Шумела вода в колёсах мельницы, приходили зимы с морозами и вьюгами, сменяли их дружные весны, дарили степь урожаем степные теплые лёта и томили душу длинные дождливые ночи осени. Собирались тогда все Пономаревы по вечерам, по очереди то у бабушки, то у дяди Андрея, то у тети Агнюши, единственной дочки дедушки и бабушки, то в доме Сергея и Наталии. Темнело осенью рано.

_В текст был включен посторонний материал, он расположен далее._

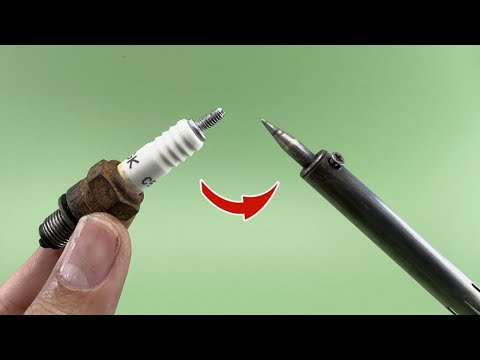 Place the Spark Plug into the Electric Soldering Iron and Admire the Results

Холодно и неприветливо на дворе. Стучится то дождь, то ветер в плотно закрытые ставни, будто и им охотка попасть в столовую, где за самоваром давно уже вся их семья собралась. Кто сидит за стаканом чая, кто с рюмочкой вина, водки или наливки, а Семён, как правило, с чашечкой чудесного меда, который так мастерски варит сама бабушка. После разговоров о делах домашних и служебных, первым всегда предлагавшим что-либо почитать был дядя Воля. Выбиралось что-нибудь самое новое и попеременно читали все присутствовавшие вслух либо роман, либо повесть, специально выписанные из Москвы или полученные как приложение к журналу «Нива». Заканчивала чтения эти бабушка замечанием, что завтра вставать рано надо, пироги печь будут и что керосин-то опять, гляди, какой дорогой стал.
Вот на одном из таких чтений и решилась судьба Семёна. Был тогда в доме у бабушки какой-то проезжий священник, который после доброго ужина поучал ребятишек тому, что все православные христиане должны довольствоваться теми крохами, что падают к ним со стола Господня. Поерзал Семен на стуле и спросил:
— А как же это так? Вот мои дедушка и бабушка, и папа с мамой любят меня не хуже, чем Бог, людей, а кормят не крошками, а всем, чем только захочу.
Крякнул дедушка от удовольствия, долго что-то туманное и нудное толковал в ответ Семёну заезжий, а на другой день, за утренним чаем, пристально глянул дед на внука и сказал сыну Сергею:
— Нет, Серега, с тех пор как Семён твой по зайцу плакал, стал я к нему получше приглядываться. Не быть ему такими, как мы были. Слыхал ты, что он вчера упорол? Он, брат, своей головой думать хочет. Из таких хороших офицеров не бывает. Ты как хочешь, а я так думаю, что в гимназию его отдавать придется. Довольно все мы мундиры потаскали. Пусть хоть он что другое делать научится.
Призвали на совет бабушку и маму, расспросили дядю Андрея о том, как там, в Питере, насчет университетов разных и порешили: пусть пока идет малец в церковно-приходское училище на хуторе Разуваеве, а потом повезут его в Камышин, на Волгу, да отдадут в реальное училище, или, как дедушка особенно хотел бы, — в гимназию.
Остался дедушка разговором доволен:
— Во, внучек, приедешь потом на хутор и начнешь с кобелем твоим с Буяном по-латыни объясняться. Того он учености твоей удивляться будет!
По нужному делу останавливается Карий, седоков не спрашивая. Окончит всё, от природы положенное, мотнет хвостом, оглянется, тряхнет головой и гривой, и снова, без понукания, потянет тарантас дальше. Луговая дорожка состоит из двух колей, глубоко проторенных колесами, с прибитой меж ними лошадиными копытами стежкой, по краям обросшей высокой щеткой зеленой травы. Густо, буйно заросли луга по бокам дороги, сочно зеленеют, уходя к речке, а за ней, оставив за собой прибрежные камыши и кугу, стелятся далеко-далеко, под самые бугры, искулиженные солонцами и супесками, полыни Польши, спокон веков непаханные.
— Эй ты, живей!
Только так, для порядка, прикрикивает дедушка на Карего, хлопает его по бокам вожжами и машет высоко над крупом длинным ременным кнутом. Карему ясно, что и дальше может он спокойно идти шагом, как явно и дедушке, что кучерские обязанности свои он исполнил и может говорить и дальше, вернее, вслух думать стариковскую свою думу.
— Так, так… значит, говоришь, в школу с тобой едем, а?